+++ Data for review +++
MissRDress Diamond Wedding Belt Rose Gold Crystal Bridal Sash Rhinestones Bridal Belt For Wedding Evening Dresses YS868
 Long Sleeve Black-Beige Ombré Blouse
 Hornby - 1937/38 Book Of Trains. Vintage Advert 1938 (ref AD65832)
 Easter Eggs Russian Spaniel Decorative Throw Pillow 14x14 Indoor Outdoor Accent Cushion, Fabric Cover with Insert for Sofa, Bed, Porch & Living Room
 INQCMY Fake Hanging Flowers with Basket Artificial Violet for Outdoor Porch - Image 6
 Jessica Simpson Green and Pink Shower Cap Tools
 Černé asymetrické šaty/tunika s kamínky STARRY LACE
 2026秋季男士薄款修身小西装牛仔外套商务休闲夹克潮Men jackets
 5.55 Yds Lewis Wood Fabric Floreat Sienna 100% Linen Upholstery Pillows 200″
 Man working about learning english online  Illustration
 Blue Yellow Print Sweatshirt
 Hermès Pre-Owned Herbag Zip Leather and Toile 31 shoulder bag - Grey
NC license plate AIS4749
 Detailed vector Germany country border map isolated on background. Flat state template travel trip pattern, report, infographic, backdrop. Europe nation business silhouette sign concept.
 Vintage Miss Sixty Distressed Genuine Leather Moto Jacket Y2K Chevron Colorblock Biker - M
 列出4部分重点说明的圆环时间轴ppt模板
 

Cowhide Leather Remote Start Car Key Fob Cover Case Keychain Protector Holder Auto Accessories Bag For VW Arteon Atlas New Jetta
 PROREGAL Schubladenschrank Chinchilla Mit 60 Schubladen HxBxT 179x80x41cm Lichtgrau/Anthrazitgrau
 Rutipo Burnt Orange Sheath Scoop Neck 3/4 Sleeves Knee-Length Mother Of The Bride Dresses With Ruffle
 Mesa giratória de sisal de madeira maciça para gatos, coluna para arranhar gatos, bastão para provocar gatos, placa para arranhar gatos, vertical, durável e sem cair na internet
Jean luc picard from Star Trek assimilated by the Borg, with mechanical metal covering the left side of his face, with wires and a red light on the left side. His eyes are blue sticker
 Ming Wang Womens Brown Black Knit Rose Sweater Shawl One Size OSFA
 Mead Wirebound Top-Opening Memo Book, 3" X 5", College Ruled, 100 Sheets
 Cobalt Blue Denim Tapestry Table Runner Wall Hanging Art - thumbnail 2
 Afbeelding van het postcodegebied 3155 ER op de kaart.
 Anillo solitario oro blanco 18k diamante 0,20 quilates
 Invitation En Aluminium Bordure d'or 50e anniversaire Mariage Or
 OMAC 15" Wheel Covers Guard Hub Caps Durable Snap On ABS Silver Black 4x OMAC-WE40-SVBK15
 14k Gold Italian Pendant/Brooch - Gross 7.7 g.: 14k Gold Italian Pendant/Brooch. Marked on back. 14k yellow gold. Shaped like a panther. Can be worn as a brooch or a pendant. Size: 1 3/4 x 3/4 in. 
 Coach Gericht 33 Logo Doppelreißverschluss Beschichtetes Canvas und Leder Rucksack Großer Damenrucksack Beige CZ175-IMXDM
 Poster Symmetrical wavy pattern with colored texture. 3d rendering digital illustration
+++
= Activity =
If a line falls between the first line of the records and the line containing "2026秋季男士薄款修身小西装牛仔外套商务休闲夹克潮Men jackets", inclusive, repeat it exactly; leave out all others.

= The answer =
MissRDress Diamond Wedding Belt Rose Gold Crystal Bridal Sash Rhinestones Bridal Belt For Wedding Evening Dresses YS868
 Long Sleeve Black-Beige Ombré Blouse
 Hornby - 1937/38 Book Of Trains. Vintage Advert 1938 (ref AD65832)
 Easter Eggs Russian Spaniel Decorative Throw Pillow 14x14 Indoor Outdoor Accent Cushion, Fabric Cover with Insert for Sofa, Bed, Porch & Living Room
 INQCMY Fake Hanging Flowers with Basket Artificial Violet for Outdoor Porch - Image 6
 Jessica Simpson Green and Pink Shower Cap Tools
 Černé asymetrické šaty/tunika s kamínky STARRY LACE
 2026秋季男士薄款修身小西装牛仔外套商务休闲夹克潮Men jackets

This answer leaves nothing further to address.